10. *Let's Scare Jessica To Death.* Heard that they were WANTING to remake this one, then I heard no more. It's weird in some ways, enough to make you want to see it with its Vampire tones and all, but it doesn't pay off and becomes an overlong, boring mess. I would really like to see a remake on this one.

There you have it. I know there's more,but I don't want to hog all the fun. Get in there and let's see what you guys can come up with.


----------



## Zombie-F (Apr 12, 2004)

*'Salem's Lot* The original was an abomination compared to the book. Hopefully TNT will get it right with their remake.

*Trilogy of Terror* The original was awesome, and a modernized retelling would be ok by me.

*House of the Dead* Try making a good movie this time. Also, try making it about a House and not an Island.


----------



## DarkEmpress (Apr 22, 2004)

I agree that Salem's Lot should be remade...I also think that the sequal should be remade too.


----------



## Sinister (Apr 18, 2004)

*The Ring 2.* I can't think of a high budget production in this day and age that screams more for the remake treatment than this film. I know some people are going to bring up the latest *Exorcist* films, but I haven't seen them (and really don't want to) to pass on such judgments. Terrible CGI deer, a boring story and that Aidan kid making you want to throw him down into the well with Samara Morgan. Something is terribly wrong when the original director can't even remake his own film!

*High Tension.* Regardless of what anyone thinks, this film started out of the gate strong, but fell dead on it's face half-way around the track.

ANY film by M. Night Shamalamadingdong, with the only possible exception being *Unbreakable*. Packaged as Horror films, they are nothing of the kind. The marketing department for his films need a good ol' fashion ass kicking for misleading the populace like they do. The only time I want to hear "I see dead people...all the time," would be in a George Romero Zombie film.

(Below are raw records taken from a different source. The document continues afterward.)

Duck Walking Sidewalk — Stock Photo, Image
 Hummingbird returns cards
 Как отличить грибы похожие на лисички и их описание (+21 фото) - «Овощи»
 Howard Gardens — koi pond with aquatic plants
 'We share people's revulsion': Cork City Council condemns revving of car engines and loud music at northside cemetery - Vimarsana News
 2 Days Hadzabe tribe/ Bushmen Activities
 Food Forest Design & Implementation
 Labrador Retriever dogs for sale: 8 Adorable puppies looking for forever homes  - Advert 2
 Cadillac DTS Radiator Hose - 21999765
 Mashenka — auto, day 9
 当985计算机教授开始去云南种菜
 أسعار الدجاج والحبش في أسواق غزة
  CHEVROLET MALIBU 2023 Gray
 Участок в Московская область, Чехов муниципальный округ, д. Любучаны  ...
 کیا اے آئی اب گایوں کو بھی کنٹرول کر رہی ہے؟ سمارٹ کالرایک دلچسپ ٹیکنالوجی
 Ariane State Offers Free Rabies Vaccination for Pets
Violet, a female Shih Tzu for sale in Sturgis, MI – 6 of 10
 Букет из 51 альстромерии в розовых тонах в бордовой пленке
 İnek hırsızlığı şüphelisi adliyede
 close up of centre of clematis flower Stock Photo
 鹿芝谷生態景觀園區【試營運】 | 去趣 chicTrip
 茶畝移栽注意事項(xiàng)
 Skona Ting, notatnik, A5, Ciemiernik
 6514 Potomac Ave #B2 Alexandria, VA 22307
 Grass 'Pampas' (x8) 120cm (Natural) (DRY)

I can't believe anyone likes his work.


----------



## Zombie-F (Apr 12, 2004)

I agree with you about High Tension. The twist ending of that movie was ridiculous and even "broke" certain scenes earlier in the film. An Americanized version of High Tension with an adjusted twist at the end would be a very welcome sight.

As for M. Night Ramalamadingdong... I'd have to say "The Village" deserves remake attention. Remove the twist ending from that equation and make the monsters real and that'd be a pretty nasty monster movie. Sadly, I pinned the twist ending of that movie about five minutes into it.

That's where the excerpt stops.